Detect linux distro when not scanning root

[chovanecadam]

What would you like to be added:

Quoting @ariel-miculas from #3145:

I would love if I could do:

syft scan -o syft-json dir:/etc --file-scan-root=/

and get the distro identification because the files in /etc/ are prefixed with /etc/, so syft would find /etc/os-release (assuming /etc/os-release is a regular file and not a symlink).

Why is this needed:

Make syft recognize Linux distribution when scanning a directory. Currently this is not possible (see #3145 (comment))

[wagoodman]

On the surface this seems like a duplicate of #3213 , since this is ultimately about being able to tailor the search context within some larger reference context.

However...

Make syft recognize Linux distribution when scanning a directory

is a more specific ask, and taking a look at the example CLI, it doesn't really square up with #3213:

syft scan -o syft-json dir:/etc --file-scan-root=/

Here we're already scanning /etc, so we should be able to find it. However I was surprised to see this didn't work:

$ syft /etc -o json | jq '.distro'
 ✔ Indexed file system      
 ✔ Cataloged contents     
   ├── ✔ Packages                        [0 packages]
   └── ✔ Executables                     [0 executables]

{}

$ syft / -o json | jq '.distro'
 ✔ Indexed file system  
 ✔ Cataloged contents 
   ├── ✔ Packages                        [418 packages]
   ├── ✔ File digests                    [6,920 files]
   ├── ✔ File metadata                   [6,920 locations]
   └── ✔ Executables                     [570 executables]

{
  "prettyName": "Fedora Linux 40 (Container Image)",
  "name": "Fedora Linux",
  "id": "fedora",
  "version": "40 (Container Image)",
  "versionID": "40",
  "variant": "Container Image",
  "variantID": "container",
  "homeURL": "https://fedoraproject.org/",
  "supportURL": "https://ask.fedoraproject.org/",
  "bugReportURL": "https://bugzilla.redhat.com/",
  "cpeName": "cpe:/o:fedoraproject:fedora:40",
  "supportEnd": "2025-05-13"
}

This is due to this:

syft/syft/linux/identify_release.go

Lines 28 to 54 in 963ea59

	// most distros provide a link at this location
	path: "/etc/os-release",
	fn: parseOsRelease,
	},
	{
	// standard location for rhel & debian distros
	path: "/usr/lib/os-release",
	fn: parseOsRelease,
	},
	{
	// check for centos:6
	path: "/etc/system-release-cpe",
	fn: parseSystemReleaseCPE,
	},
	{
	// last ditch effort for determining older centos version distro information
	path: "/etc/redhat-release",
	fn: parseRedhatRelease,
	},
	// /////////////////////////////////////////////////////////////////////////////////////////////////////
	// IMPORTANT! checking busybox must be last since other distros contain the busybox binary
	{
	// check for busybox
	path: "/bin/busybox",
	fn: parseBusyBox,
	},
	// /////////////////////////////////////////////////////////////////////////////////////////////////////

we should probably change these references to **/os-release (and the same for other patterns) so that we can match even when given /etc to scan.

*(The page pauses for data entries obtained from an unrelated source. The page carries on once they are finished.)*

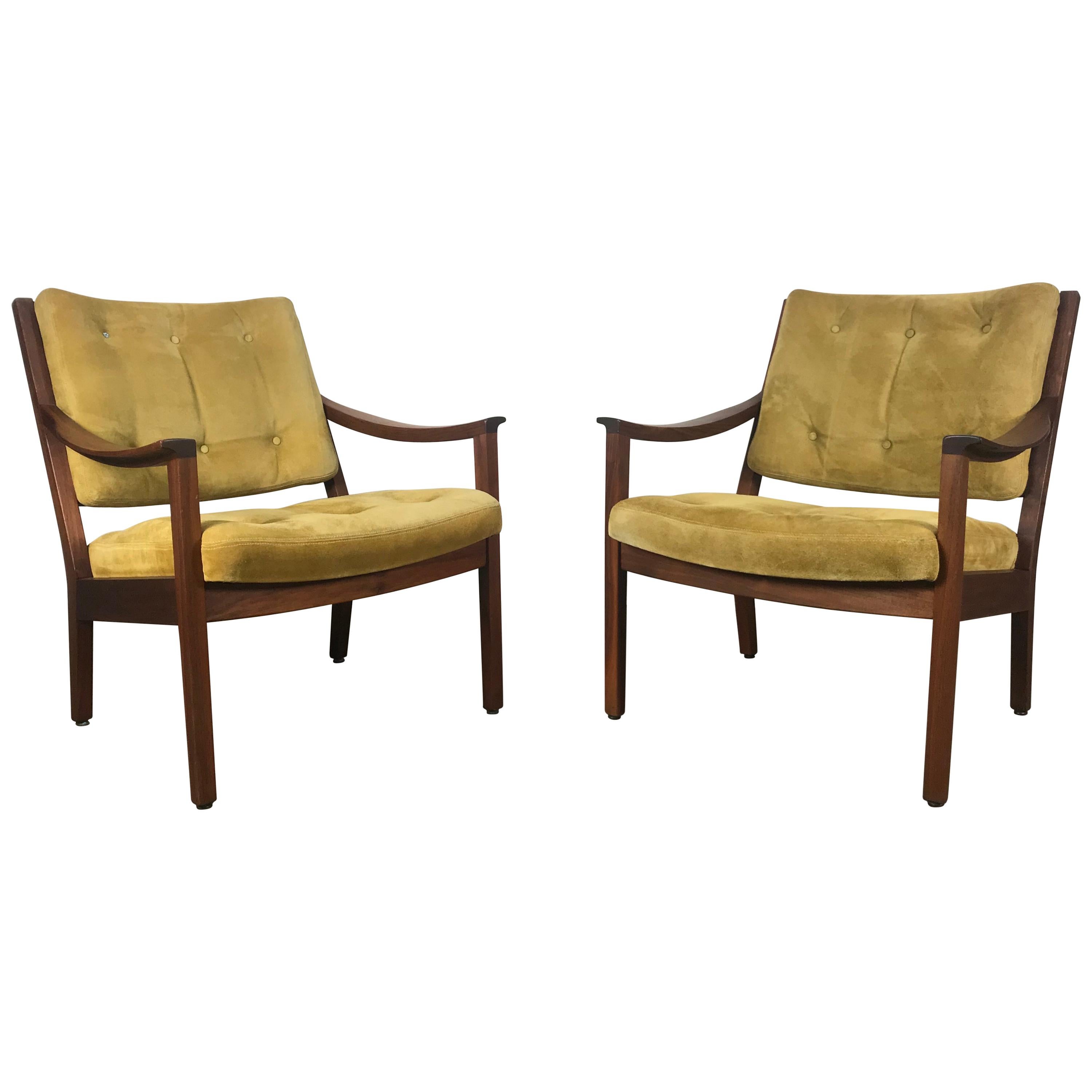 Stunning Pair Modernist Walnut and Suede Lounge Chairs by Gunlocke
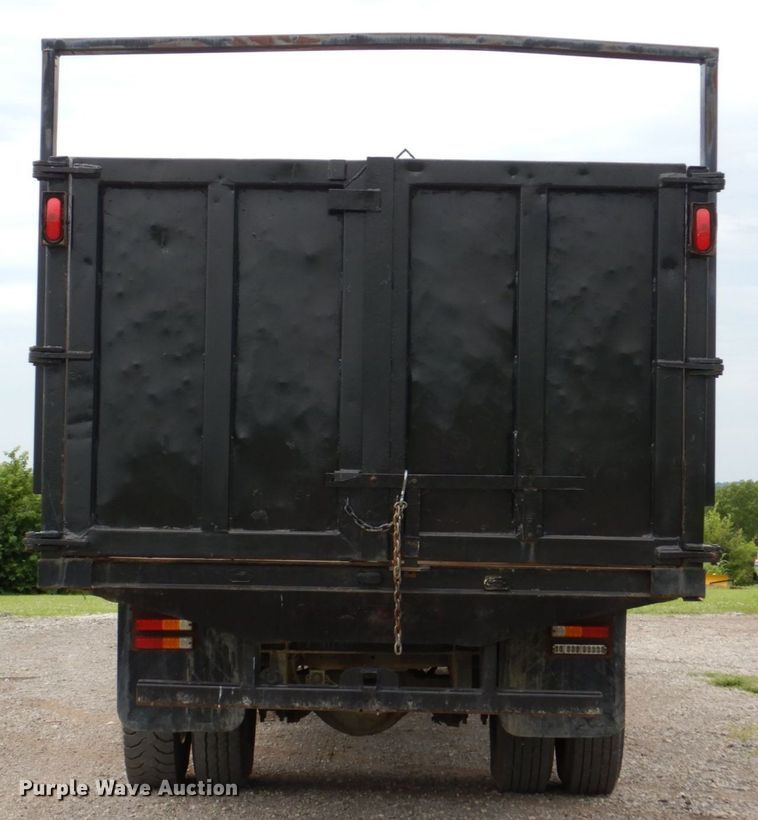 image for item DM2320 1999 Ford F800  crane truck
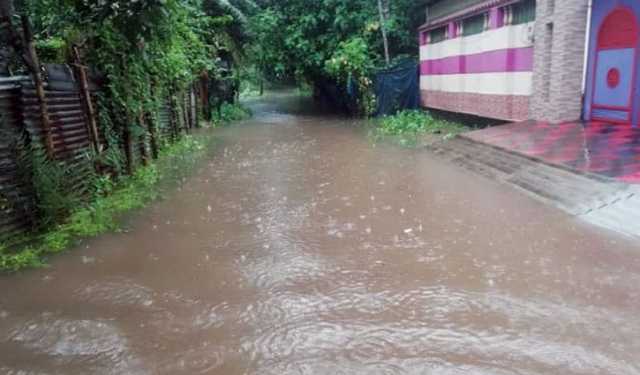 সাতক্ষীরা শহরে ভয়াবহ জলাবদ্ধতা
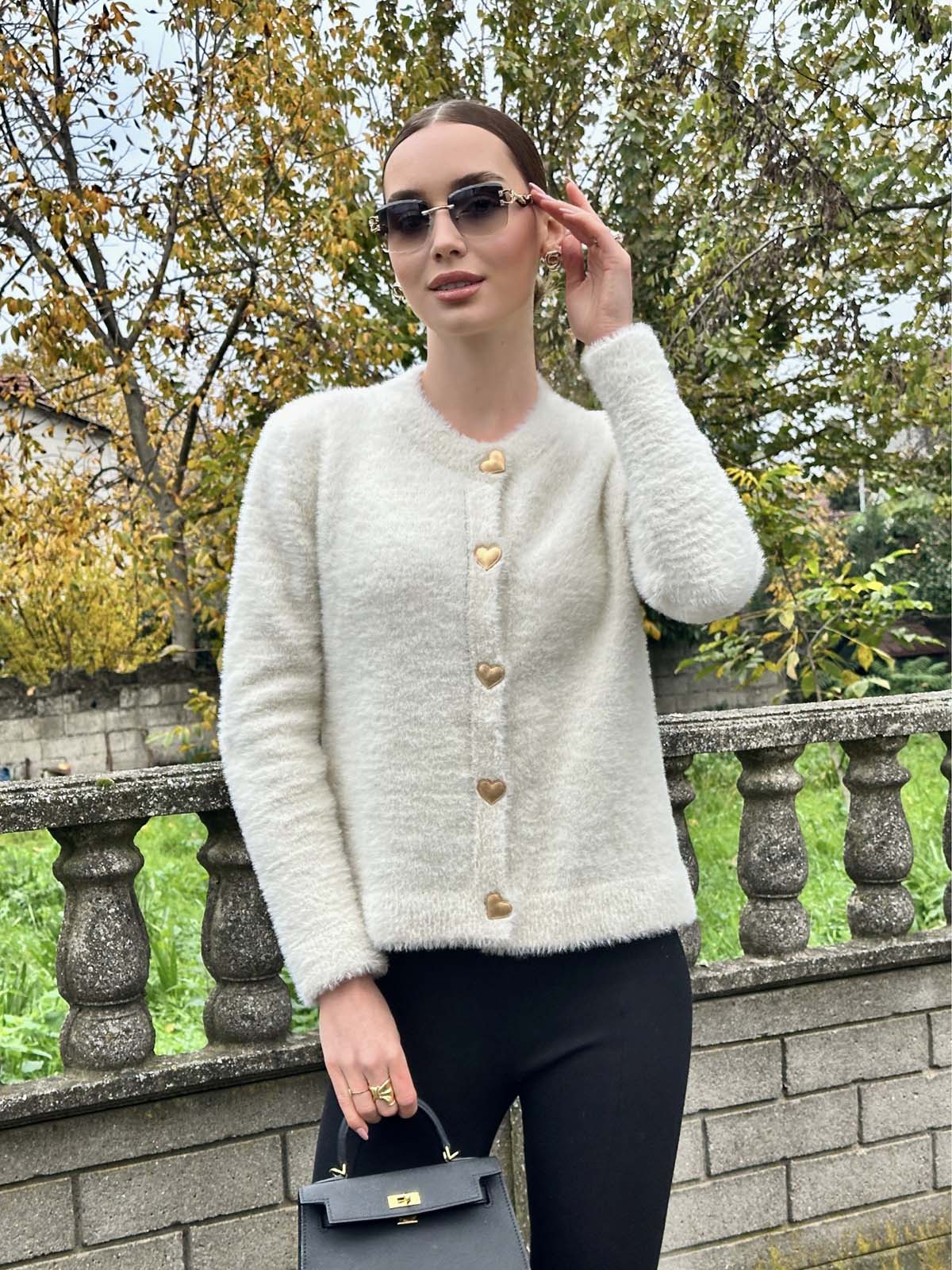 Angora  Kalp Şekilli Düğmeli Kısa Hırka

If you're looking to scan /somewhere/else and still reference /etc/ to get the distro info, that's what #3213 is about.

I'm going to narrowly interpret this issue based on the example, implying we should fix these env search paths to globs and some surrounding cleanup. Shout out if this interpretation + #3213 still does not cover your use cases.